====== Input

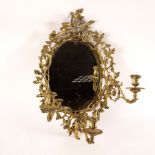 An oval wall mirror, the gilt brass frame with surround of acorns and oak leaves,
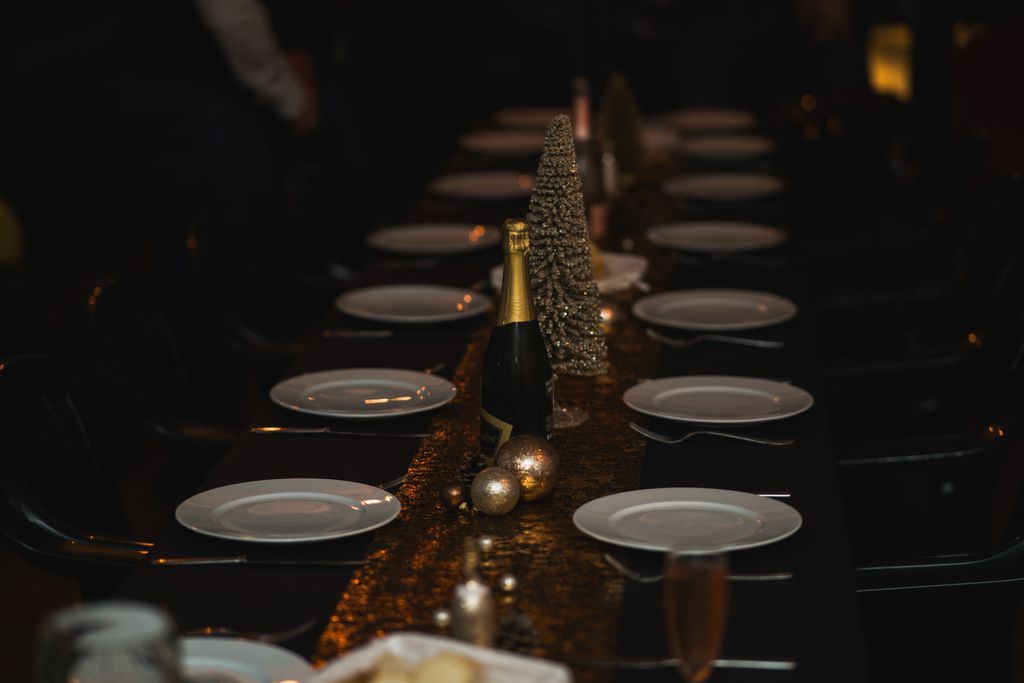 A beautifully set table for a celebration featuring champagne and festive decorations.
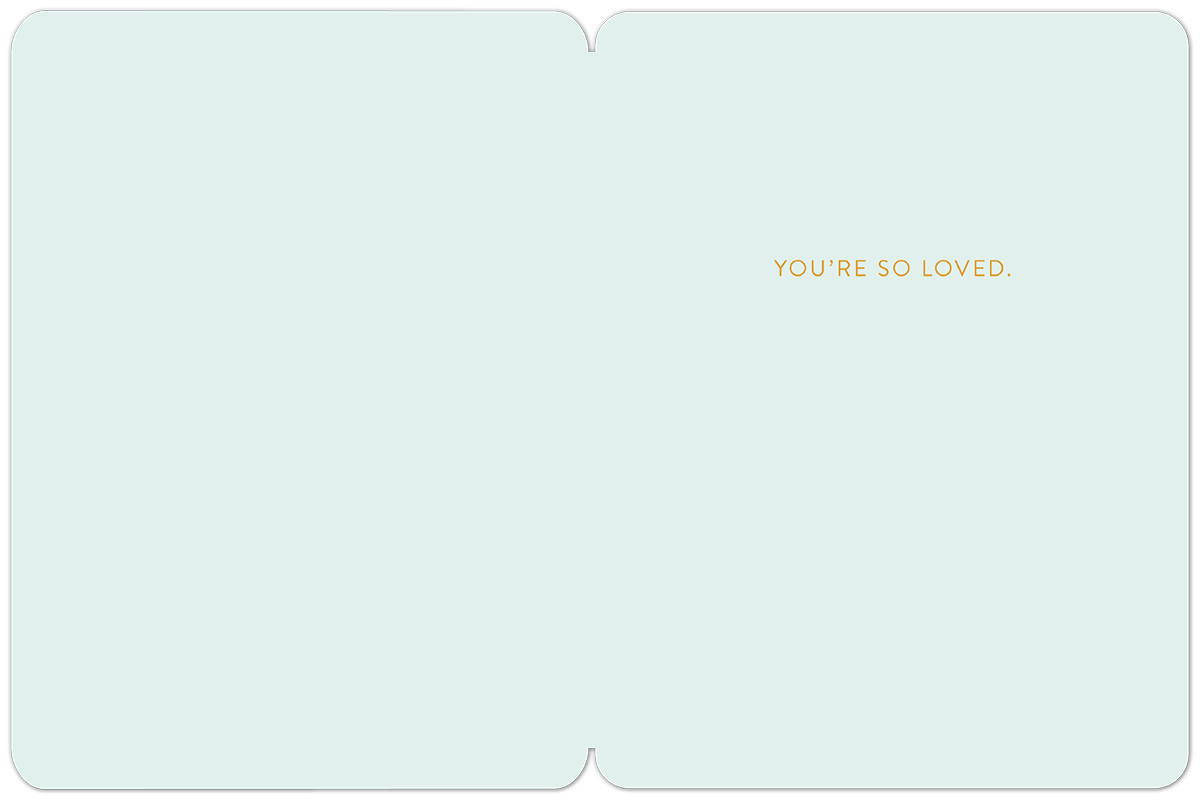 Inside of a heartfelt new baby card with the message 'YOU'RE SO LOVED.' in elegant gold lettering on a soft blue background.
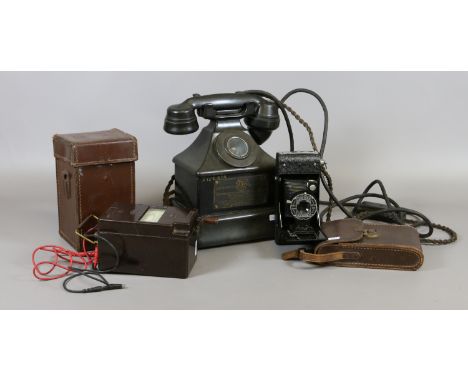 A vintage Bakelite telephone; automatic telephone and Electric Co. Ltd, a leather cased Bakelite record insulation tester and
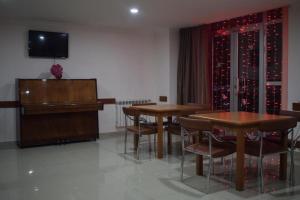 uma sala de jantar com duas mesas e um piano em Nur Hotel em Yerevan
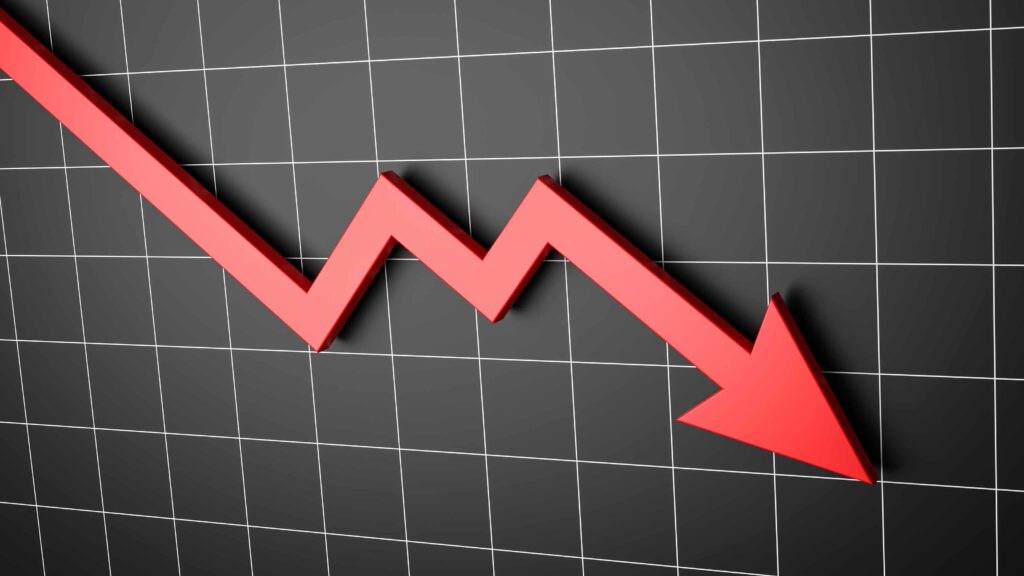 Red downward arrow on stock chart showing top losers November 9 2025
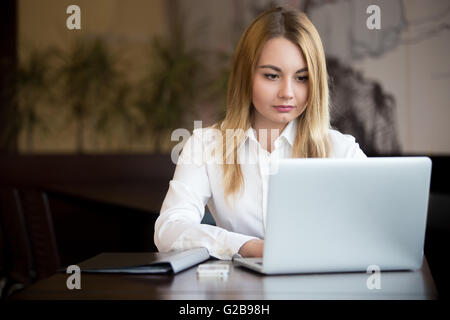 Giovane bella bionda imprenditrice caucasica lavorando su laptop, la digitazione con concentrati, di espressione cellulare e cartella nero Foto Stock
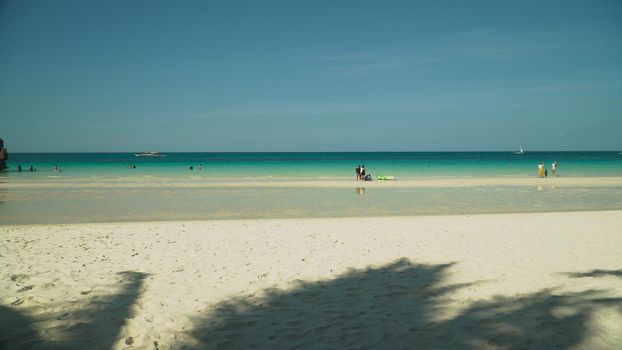 Tropical beach with tourists and clear blue sea. Summer and travel vacation concept. Boracay, Philippines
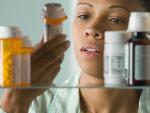 Woman looking at medication bottle in medicine cabinet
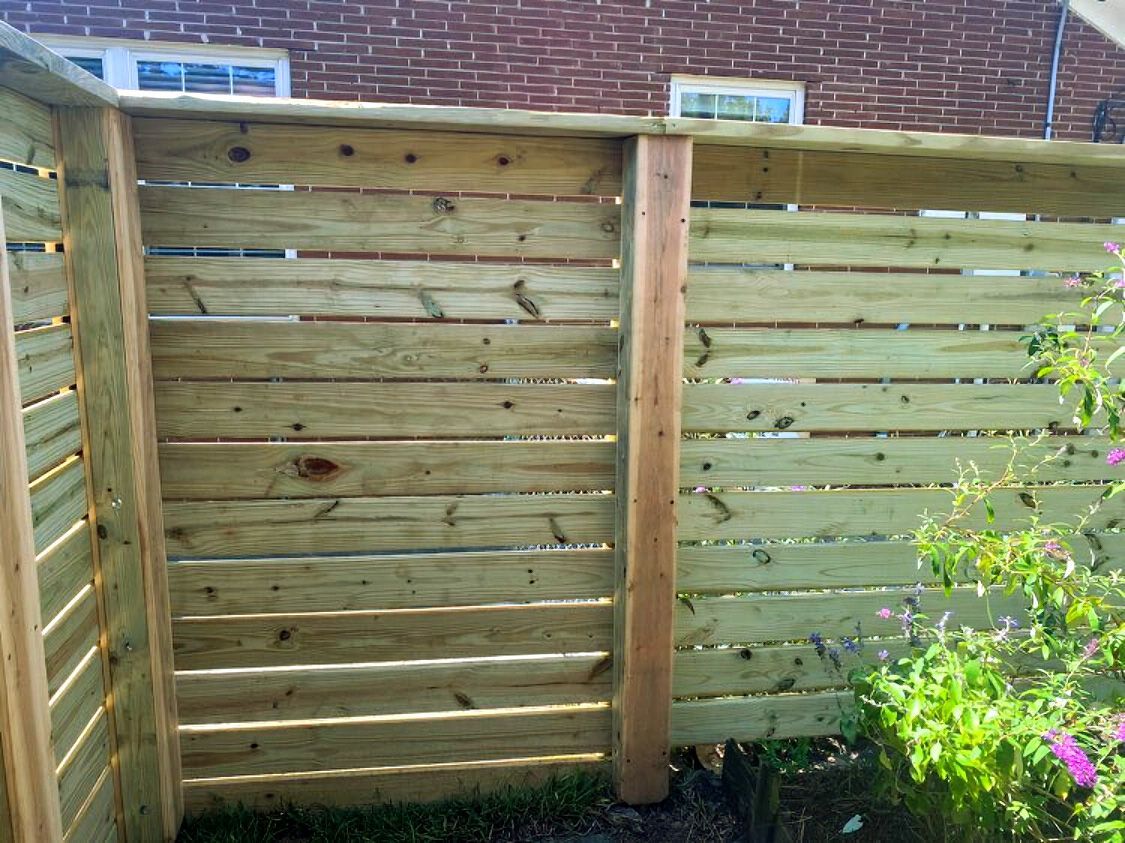 Wooden slat privacy fence in a sunny yard with a brick wall behind it and shrubs at the right edge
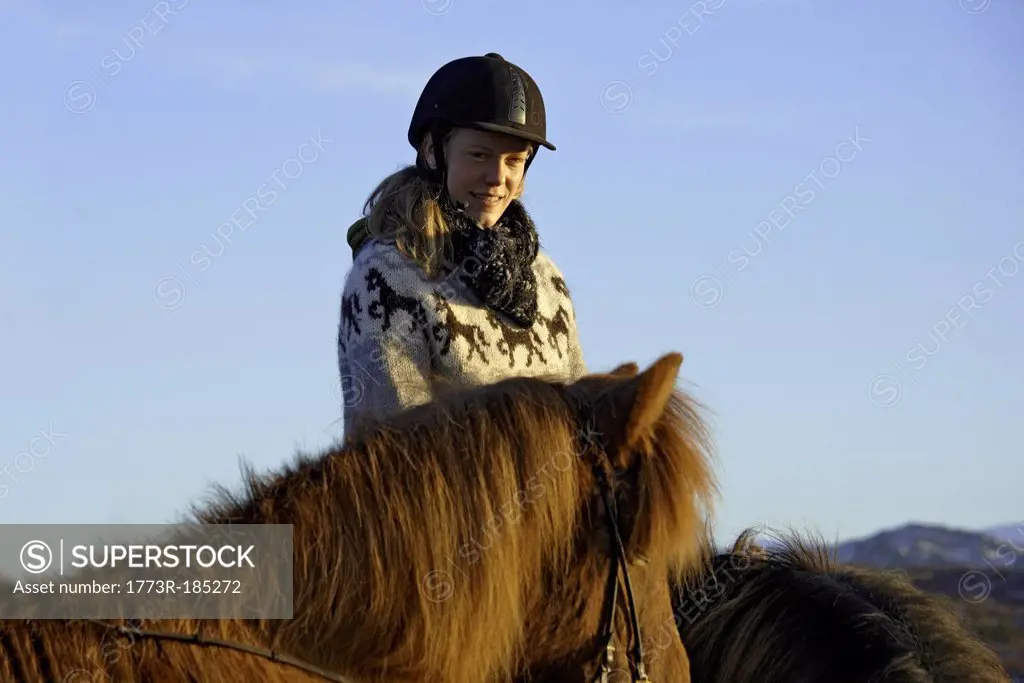 Woman riding horse outdoors
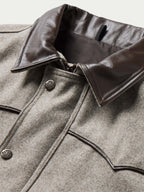 Taupe wool vest close-up with dark leather-trimmed collar and snap-button front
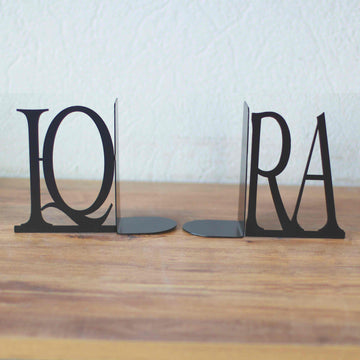 Black IQRA Latin letter bookends standing apart on a wooden table, closer view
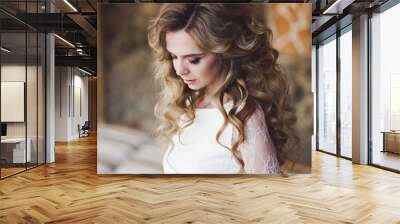 Natural portrait of bride with long blonde curly hair Wall mural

============

## [What the task asks]
Nothing but the lines from the one containing "Tropical beach with" to the last line of the records should be returned, exactly as they appear and without pictures.

## [Solved problem]
 Tropical beach with tourists and clear blue sea. Summer and travel vacation concept. Boracay, Philippines
 Woman looking at medication bottle in medicine cabinet
 Wooden slat privacy fence in a sunny yard with a brick wall behind it and shrubs at the right edge
 Woman riding horse outdoors
 Taupe wool vest close-up with dark leather-trimmed collar and snap-button front
 Black IQRA Latin letter bookends standing apart on a wooden table, closer view
 Natural portrait of bride with long blonde curly hair Wall mural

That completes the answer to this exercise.